» Your instructions
This exercise asks for every line of the material that contains the word "shower".

####

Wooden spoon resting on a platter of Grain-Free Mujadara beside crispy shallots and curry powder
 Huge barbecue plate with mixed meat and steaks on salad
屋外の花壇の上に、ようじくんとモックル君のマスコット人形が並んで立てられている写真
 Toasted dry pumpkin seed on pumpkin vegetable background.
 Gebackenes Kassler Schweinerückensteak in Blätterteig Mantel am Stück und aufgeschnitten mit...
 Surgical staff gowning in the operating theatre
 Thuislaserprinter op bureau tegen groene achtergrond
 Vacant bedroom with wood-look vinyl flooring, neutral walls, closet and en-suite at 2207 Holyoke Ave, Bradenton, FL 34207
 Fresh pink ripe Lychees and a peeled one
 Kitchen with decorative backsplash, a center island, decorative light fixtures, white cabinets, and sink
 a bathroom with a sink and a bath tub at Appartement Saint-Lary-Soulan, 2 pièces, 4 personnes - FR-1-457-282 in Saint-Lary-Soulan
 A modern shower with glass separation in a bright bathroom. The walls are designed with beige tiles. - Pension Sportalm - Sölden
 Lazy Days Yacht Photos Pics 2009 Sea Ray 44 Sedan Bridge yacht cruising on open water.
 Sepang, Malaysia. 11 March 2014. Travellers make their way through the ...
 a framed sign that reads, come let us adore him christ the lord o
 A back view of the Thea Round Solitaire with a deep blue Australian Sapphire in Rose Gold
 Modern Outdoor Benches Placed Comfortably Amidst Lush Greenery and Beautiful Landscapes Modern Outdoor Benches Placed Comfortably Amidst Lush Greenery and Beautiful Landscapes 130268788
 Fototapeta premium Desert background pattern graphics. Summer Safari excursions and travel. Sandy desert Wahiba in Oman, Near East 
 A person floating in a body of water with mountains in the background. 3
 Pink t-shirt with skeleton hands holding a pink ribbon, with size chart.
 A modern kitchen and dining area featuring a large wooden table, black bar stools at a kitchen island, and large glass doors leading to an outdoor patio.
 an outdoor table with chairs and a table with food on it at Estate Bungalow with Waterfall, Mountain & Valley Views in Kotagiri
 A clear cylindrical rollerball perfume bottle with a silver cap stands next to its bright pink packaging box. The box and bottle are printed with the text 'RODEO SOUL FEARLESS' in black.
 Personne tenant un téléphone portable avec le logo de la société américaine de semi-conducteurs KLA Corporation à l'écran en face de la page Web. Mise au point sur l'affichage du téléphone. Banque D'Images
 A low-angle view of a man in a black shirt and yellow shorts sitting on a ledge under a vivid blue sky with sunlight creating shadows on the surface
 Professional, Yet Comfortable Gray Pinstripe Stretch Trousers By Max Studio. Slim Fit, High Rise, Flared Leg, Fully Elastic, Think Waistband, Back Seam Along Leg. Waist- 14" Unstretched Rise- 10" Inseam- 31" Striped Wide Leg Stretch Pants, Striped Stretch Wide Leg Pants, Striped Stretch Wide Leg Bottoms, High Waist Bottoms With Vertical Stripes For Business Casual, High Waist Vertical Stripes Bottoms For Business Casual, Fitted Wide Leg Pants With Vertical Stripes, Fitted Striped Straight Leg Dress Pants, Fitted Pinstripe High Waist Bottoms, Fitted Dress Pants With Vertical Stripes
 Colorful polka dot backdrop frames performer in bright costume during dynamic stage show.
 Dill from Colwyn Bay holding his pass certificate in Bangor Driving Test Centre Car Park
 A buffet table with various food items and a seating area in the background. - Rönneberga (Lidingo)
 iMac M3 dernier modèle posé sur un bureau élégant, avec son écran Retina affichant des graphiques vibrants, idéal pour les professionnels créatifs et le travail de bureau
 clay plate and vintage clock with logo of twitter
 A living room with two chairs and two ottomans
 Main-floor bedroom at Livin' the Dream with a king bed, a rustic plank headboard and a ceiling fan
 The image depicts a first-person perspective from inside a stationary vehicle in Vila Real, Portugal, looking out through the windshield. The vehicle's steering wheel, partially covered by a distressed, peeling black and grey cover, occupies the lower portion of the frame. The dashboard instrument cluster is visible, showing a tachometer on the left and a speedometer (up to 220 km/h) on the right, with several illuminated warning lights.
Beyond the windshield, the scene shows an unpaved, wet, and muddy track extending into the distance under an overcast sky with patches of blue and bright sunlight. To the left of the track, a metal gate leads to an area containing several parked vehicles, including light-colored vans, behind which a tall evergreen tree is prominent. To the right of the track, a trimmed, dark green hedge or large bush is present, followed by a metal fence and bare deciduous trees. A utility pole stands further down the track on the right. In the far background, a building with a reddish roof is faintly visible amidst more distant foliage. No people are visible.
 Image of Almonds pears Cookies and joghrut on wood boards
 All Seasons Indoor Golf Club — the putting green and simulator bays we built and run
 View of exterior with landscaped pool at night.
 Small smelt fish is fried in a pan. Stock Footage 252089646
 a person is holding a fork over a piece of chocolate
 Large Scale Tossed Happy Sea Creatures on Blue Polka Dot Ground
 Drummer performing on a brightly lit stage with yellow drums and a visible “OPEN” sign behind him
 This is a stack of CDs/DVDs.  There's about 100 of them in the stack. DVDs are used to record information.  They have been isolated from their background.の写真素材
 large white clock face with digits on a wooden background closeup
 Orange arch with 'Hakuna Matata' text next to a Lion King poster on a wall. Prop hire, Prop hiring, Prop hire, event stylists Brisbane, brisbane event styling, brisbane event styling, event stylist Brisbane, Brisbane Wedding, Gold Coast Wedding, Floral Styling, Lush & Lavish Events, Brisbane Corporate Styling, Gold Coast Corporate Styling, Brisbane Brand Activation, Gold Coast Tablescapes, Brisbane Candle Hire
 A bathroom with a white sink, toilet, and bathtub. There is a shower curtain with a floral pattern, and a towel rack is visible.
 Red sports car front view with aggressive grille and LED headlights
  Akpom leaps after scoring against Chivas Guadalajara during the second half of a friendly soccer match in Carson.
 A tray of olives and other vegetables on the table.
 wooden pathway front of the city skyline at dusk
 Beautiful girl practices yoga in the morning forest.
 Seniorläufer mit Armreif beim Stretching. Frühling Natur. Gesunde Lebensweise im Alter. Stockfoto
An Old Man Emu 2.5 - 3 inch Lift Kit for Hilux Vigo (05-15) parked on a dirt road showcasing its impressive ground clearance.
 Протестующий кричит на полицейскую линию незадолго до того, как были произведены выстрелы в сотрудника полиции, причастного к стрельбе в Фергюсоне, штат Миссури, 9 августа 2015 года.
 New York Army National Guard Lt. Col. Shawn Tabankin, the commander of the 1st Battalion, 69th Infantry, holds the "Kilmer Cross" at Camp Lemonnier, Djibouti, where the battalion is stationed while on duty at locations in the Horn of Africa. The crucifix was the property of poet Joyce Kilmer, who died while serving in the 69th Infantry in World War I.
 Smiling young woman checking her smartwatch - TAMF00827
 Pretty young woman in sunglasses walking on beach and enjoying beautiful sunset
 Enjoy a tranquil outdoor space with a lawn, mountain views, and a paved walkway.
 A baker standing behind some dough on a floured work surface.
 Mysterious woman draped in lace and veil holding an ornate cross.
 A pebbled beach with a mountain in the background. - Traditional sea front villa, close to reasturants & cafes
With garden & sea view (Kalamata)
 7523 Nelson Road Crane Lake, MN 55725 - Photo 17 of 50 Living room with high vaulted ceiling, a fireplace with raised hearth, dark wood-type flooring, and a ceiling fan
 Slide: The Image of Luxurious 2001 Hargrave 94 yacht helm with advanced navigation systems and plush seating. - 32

####

» Answer section
 A modern shower with glass separation in a bright bathroom. The walls are designed with beige tiles. - Pension Sportalm - Sölden
 A bathroom with a white sink, toilet, and bathtub. There is a shower curtain with a floral pattern, and a towel rack is visible.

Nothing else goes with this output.